> Exercise details: Among the entries below, which lines run from the line with "Luxury Clear Crystal" through the line with "PAPELERA RECICLAJE TAPA COLORES 60L"? Retype those, both ends included, exactly and without pictures.

> Source information:
• • • • •

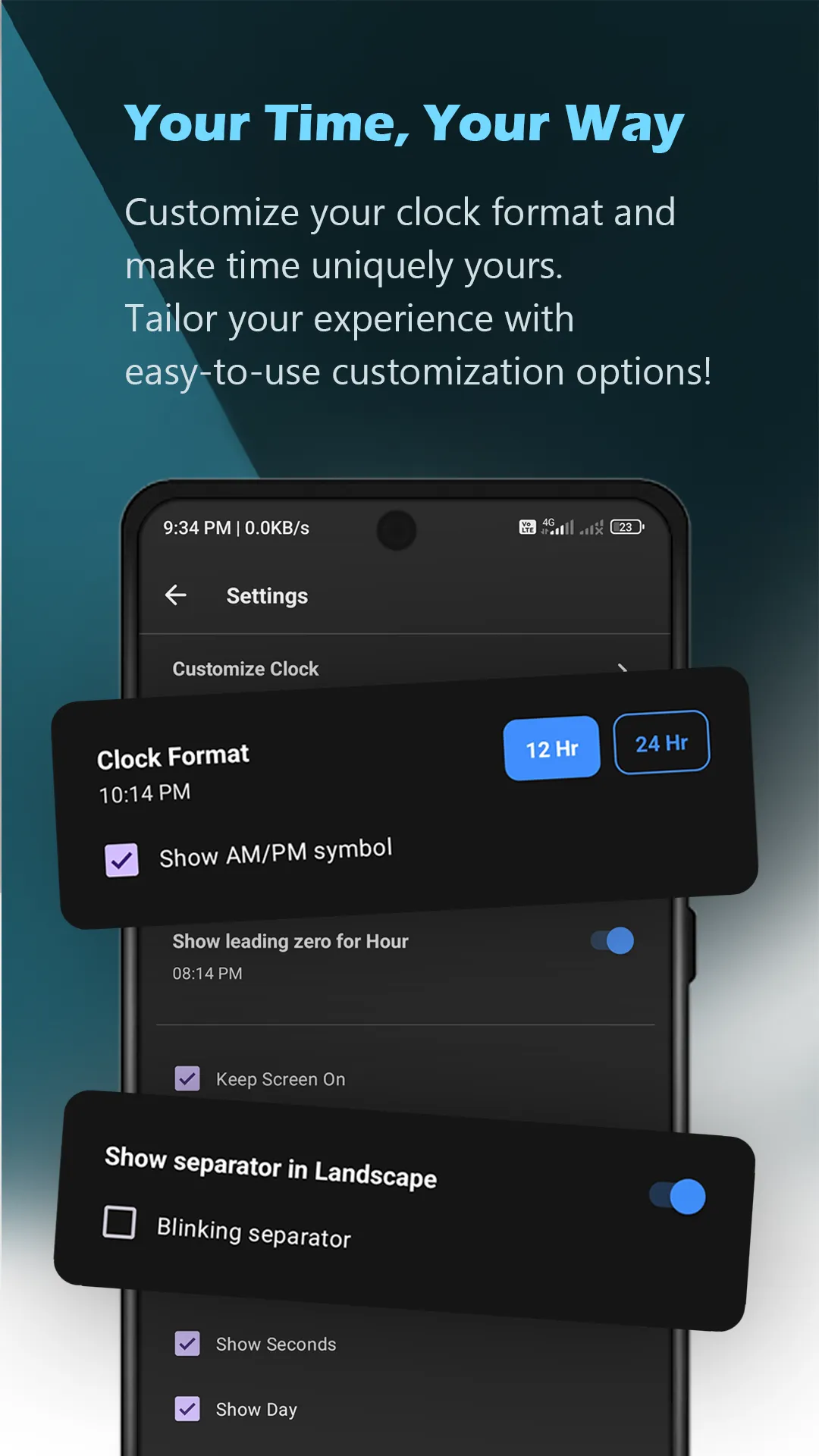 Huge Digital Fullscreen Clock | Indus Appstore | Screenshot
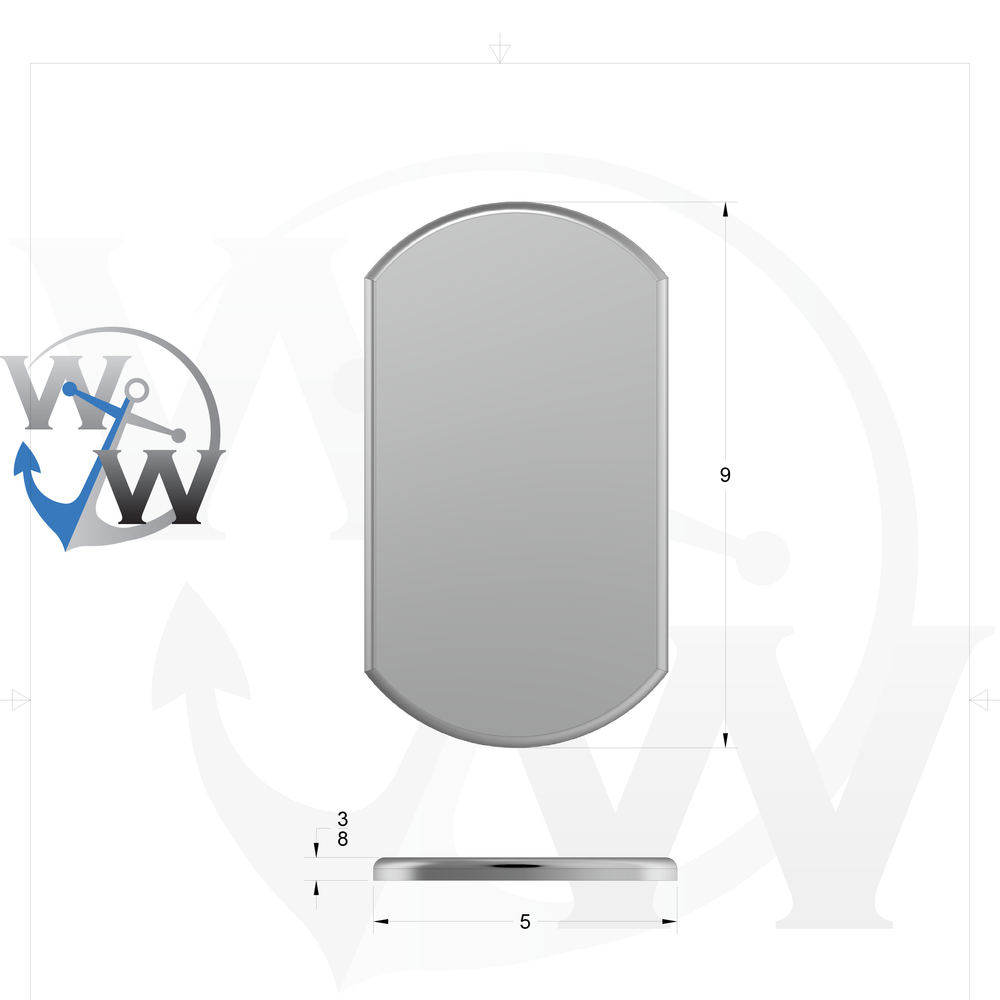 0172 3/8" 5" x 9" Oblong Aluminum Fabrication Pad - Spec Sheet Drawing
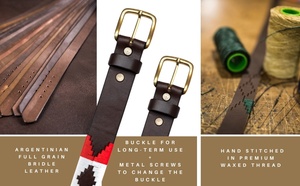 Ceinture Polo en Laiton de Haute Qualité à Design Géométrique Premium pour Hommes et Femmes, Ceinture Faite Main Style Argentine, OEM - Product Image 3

• • • • •

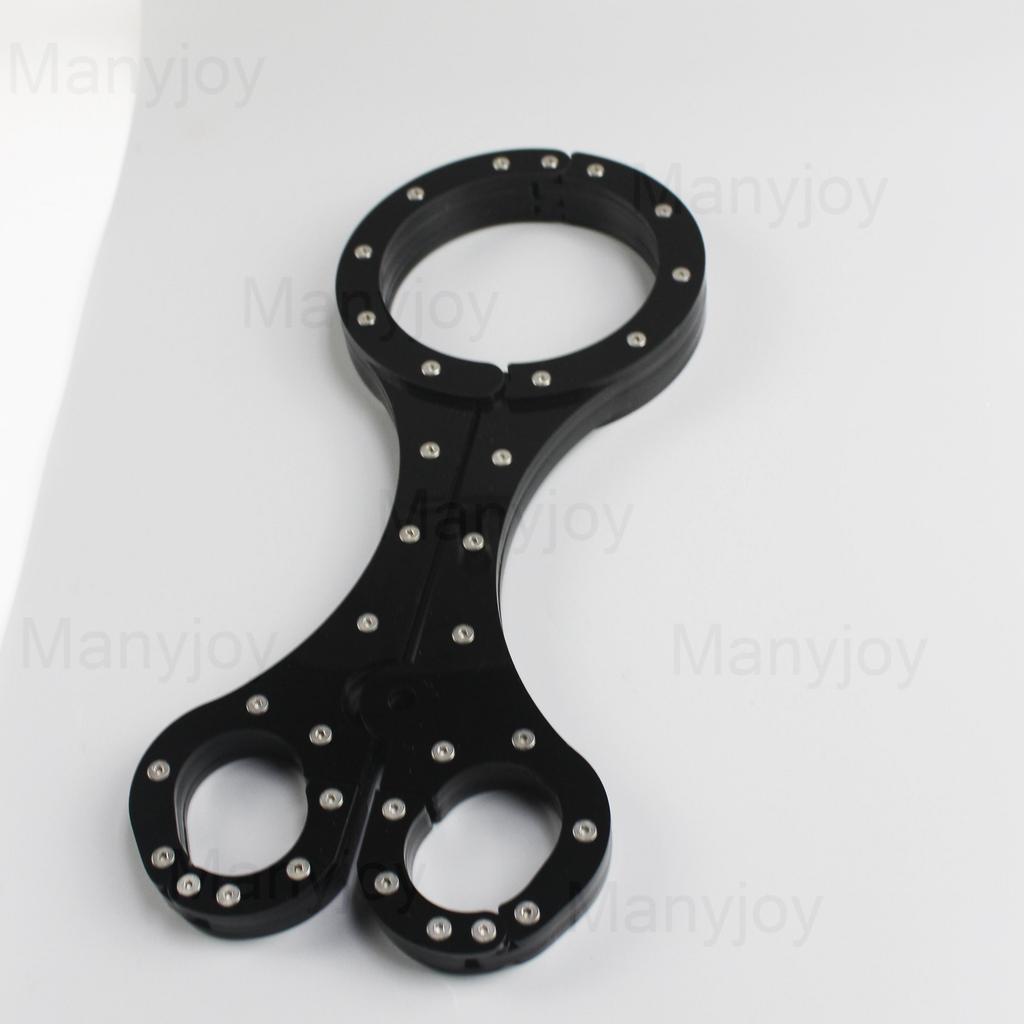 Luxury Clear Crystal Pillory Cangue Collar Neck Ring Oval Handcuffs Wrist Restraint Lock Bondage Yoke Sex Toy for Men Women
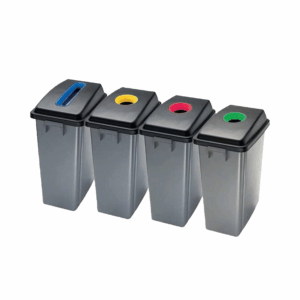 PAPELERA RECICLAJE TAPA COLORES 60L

• • • • •

> Response to this task:
 Luxury Clear Crystal Pillory Cangue Collar Neck Ring Oval Handcuffs Wrist Restraint Lock Bondage Yoke Sex Toy for Men Women
 PAPELERA RECICLAJE TAPA COLORES 60L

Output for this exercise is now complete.